Task to carry out: Using the listing below, copy exactly each line from the one that has "Dusj, hårføner, håndklær og såpe" through the one that has "金色交叉簡約耳扣－商品主圖｜https://igowo.tw/"; omit the pictures.

Input:
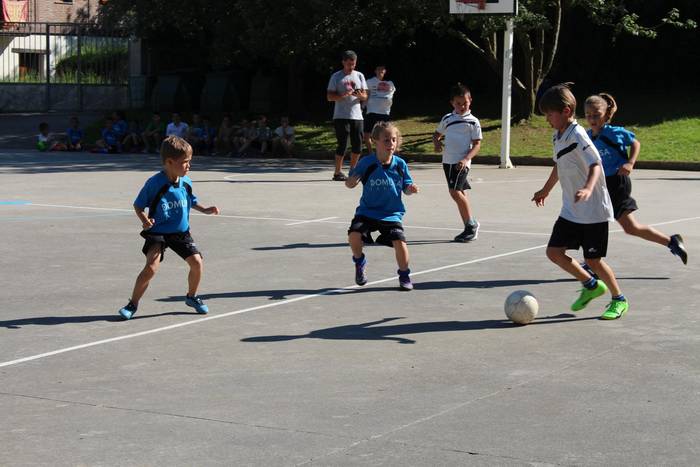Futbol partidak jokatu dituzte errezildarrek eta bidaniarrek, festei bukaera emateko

==

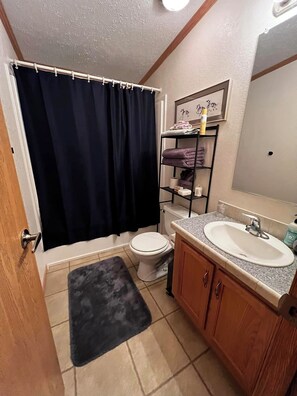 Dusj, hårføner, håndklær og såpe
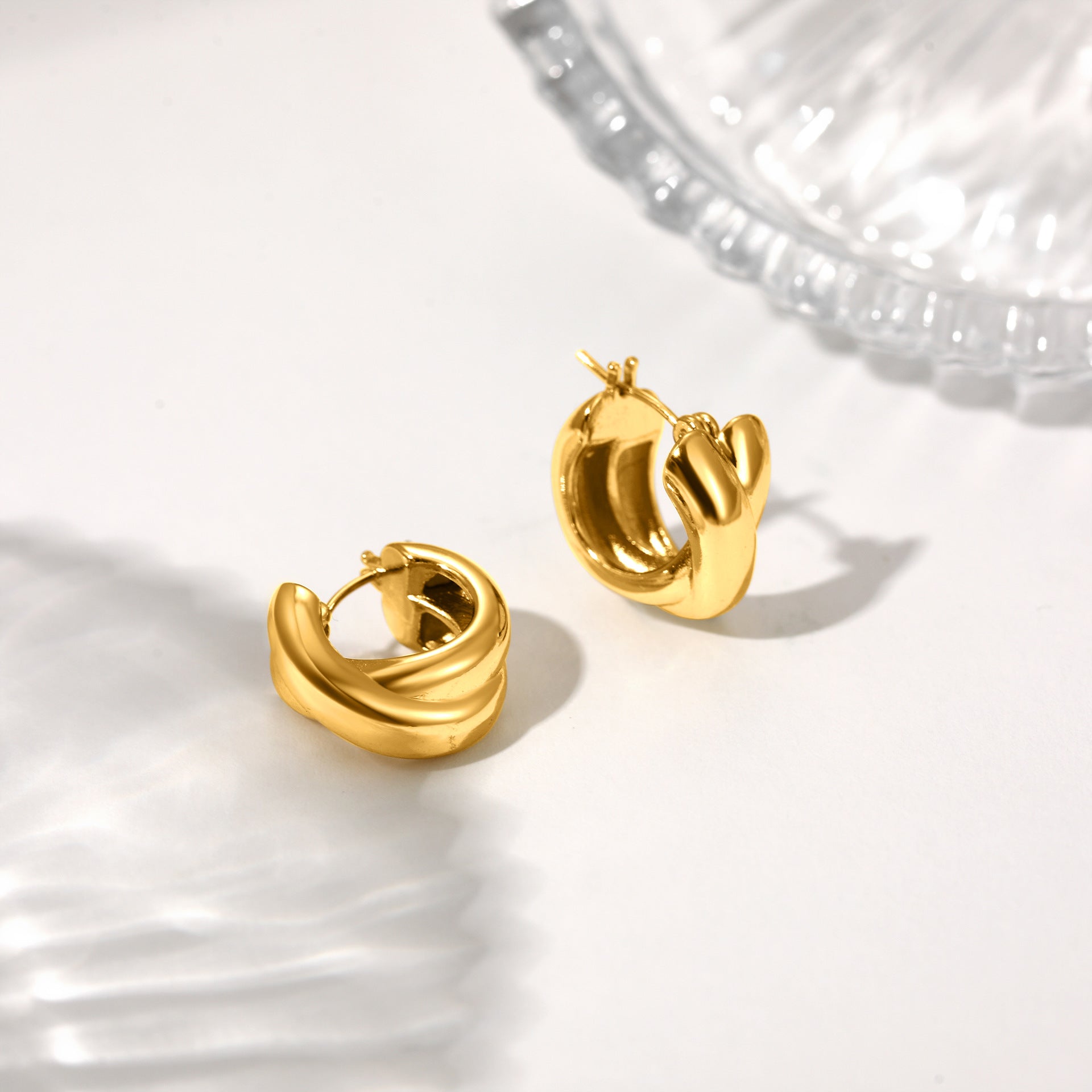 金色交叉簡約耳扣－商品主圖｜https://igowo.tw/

==

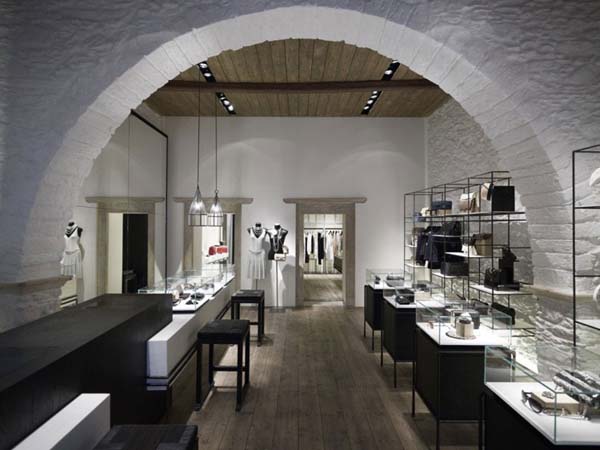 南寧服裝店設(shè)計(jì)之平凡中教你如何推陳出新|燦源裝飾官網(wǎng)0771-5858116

Solution for this problem:
 Dusj, hårføner, håndklær og såpe
 金色交叉簡約耳扣－商品主圖｜https://igowo.tw/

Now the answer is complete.